E. H. CHAPIN, Living Words
Music, sculpture, poetry, painting--these are glorious works; but the soul that creates them is more glorious than they. The music shall die on the passing wind, the poem may be lost in the confusion of tongues, the marble will crumble and the canvas will fade, while the soul shall be quenchless and strong, filled with a nobler melody, kindling with loftier themes, projecting images of unearthly beauty, and drinking from springs of imperishable life.
E. H. CHAPIN, Living Words
Religion is the most substantial thing in the world; it can take more hard knocks than anything else. Geology has jammed great boulders against it, and it is not even scratched; astronomy has assailed it, yet amid the bright spheres of heaven it lifts its glorious head. It has stood all the wear and tear of all sciences and all discussion; it is the most substantial thing you can think of; it is the most robust thing in existence. Do not think you can hurt it by taking it into your workshop. Let it out of your clothes pocket; it will suffer there. The only thing that religion dreads is lack of room, lack of freedom, lack of breath. Take it out of your pocket and bring it into everything. Do not fear that it will desecrate religion to bring it into contact with the world. It will consecrate the world; it will consecrate every deed and every act, and make them glorious.
E. H. CHAPIN, Living Words
Think for a moment of the great agents and engines of our civilization, and then think what shadowy ideas they all once were. The wheels of the steamship turned as swiftly as they do now, but as silent and unsubstantial as the motions of the inventor's thought; and in the noiseless loom of his meditation were woven the sinews of the printing-press, whose thunder shakes the world.
E. H. CHAPIN, Living Words
He who trusts in the word of God knows that he will find nothing in the material universe but the will of God.

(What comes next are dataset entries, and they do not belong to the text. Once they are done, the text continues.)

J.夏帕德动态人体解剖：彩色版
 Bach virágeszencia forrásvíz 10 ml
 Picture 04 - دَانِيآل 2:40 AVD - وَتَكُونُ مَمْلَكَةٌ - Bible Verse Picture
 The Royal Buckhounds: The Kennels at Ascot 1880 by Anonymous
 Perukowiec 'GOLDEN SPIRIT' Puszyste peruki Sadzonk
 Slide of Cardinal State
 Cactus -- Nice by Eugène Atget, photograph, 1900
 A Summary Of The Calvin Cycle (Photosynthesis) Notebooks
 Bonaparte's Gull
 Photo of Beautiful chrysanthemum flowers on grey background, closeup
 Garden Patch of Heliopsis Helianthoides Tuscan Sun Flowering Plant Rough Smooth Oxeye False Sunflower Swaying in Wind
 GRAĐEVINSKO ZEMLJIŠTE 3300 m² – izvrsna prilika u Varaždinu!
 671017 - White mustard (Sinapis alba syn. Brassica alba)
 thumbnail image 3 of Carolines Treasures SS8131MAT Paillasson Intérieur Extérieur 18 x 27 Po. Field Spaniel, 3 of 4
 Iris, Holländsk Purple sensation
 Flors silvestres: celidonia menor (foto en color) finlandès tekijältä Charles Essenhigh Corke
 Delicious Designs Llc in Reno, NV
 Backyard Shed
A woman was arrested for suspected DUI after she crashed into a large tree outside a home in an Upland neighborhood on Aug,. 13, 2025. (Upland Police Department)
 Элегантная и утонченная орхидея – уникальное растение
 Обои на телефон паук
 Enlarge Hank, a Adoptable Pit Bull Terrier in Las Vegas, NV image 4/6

E. H. CHAPIN, Living Words
A life is black, whiten it as you will.
E. H. CHAPIN, Living Words
The great cheat and delusion set before every generation is simply this tradition, that there is anything like real substantial pleasure in sin.
E. H. CHAPIN, Living Words
If one's conscience be dead as a stone, it is as heavy too.
E. H. CHAPIN, Living Words
Christianity is revealed to us in the form that walked the streets of Jerusalem and the shores of the Galilean lake; that bent over the sick couch and the bier; mingled in the festival of Cana, and reclined at the Last Supper; and bore a cross up the way of sorrow; and hung and prayed upon the accursed wood, and came forth radiant from the sleep of death and the broken chambers of the sepulchre.
E. H. CHAPIN, Living Words
In sorrow and in suffering are hidden the springs of a peace and a power that can be affected by no outward storms. It is a great thing, when one has grown strong through that trial which melts away the dross and proves the true gold; when, being driven to the handling of many expedients, he has been trained to detect all counterfeit comforts, and to discriminate between unsubstantial good and that which abides every test; when he has learned to dispense with all outward props, can let riches, honors, health drop away from him, and yet feel that all this does not touch his real life; while above these coils of uncertainty and mutation he lifts his naked personality erect in its own spiritual resources. Surely, prosperity has never generated such depths of power, such intrinsic and full consolation.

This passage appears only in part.